Dorothy Olsson received her B. M. in Music Education, major in Bassoon, from the Crane School of Music (State University College at Potsdam, NY), and her Master of Music in Musicology from Manhattan School of Music. She completed her Ph.D. in Performance Studies at New York University, with a dissertation on early twentieth-century dance, entitled Arcadian Idylls; Dances of Early Twentieth-Century American Pageantry. For ten years, she was an Adjunct Assistant Professor of Dance Education at New York University. Dr. Olsson’s article on “Seventeenth-Century Dance” appears in A Performer’s Guide to Seventeenth-Century Music (ed. Stewart Carter, Schirmer Books). Dorothy is the founder and director of The New York Historical Dance Company (www.newyorkhistoricaldance.com), a group of dancers devoted to the study, recreation and performance of dances from the fifteenth through the nineteenth centuries. Costumed in period clothing, the company performs social and theatrical dances from Europe and America. The company has performed with Piffaro, Parthenia—A Consort of Viols, the Philadelphia Classical Symphony, and the New Dance Group. Dr. Olsson has given numerous workshops in historical dance and has choreographed for the Stony Brook Opera, Folger Consort, Western Wind Vocal Ensemble, Mannes Camerata (Mannes College of Music), Wake Forest University and Princeton University. Dorothy has choreographed for and/or directed several historical theatrical productions at the Amherst Early Music Festival and at the Country Dance and Song Society Early Music Week. Dr. Olsson has co-authored (with Kaspar D. Mainz) seven books on historical dance.

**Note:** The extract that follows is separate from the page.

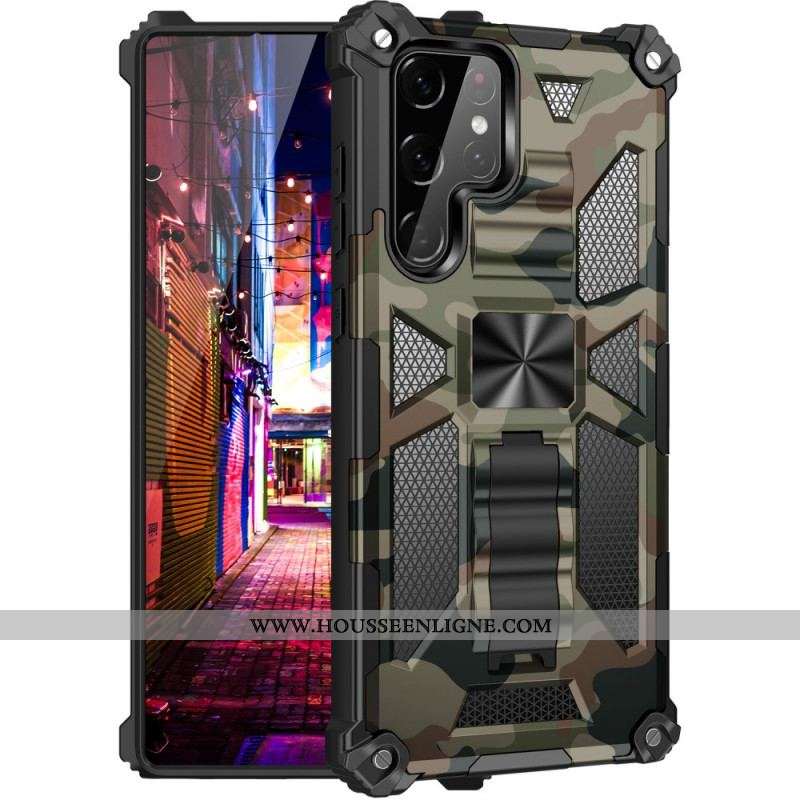 Coque Samsung Galaxy S22 Ultra 5G Camouflage Support Amovible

Peggy Murray. A former professional ballet and jazz dancer, Peggy Murray is pursuing a doctoral degree in performance studies at Ohio University’s School of Interdisciplinary Arts. Her research focuses on dance history and the historical role of dance in opera; she continues to study and perform early dance styles in Renaissance and Baroque-era productions. She also teaches movement and choreographs for the University’s Opera Theater program.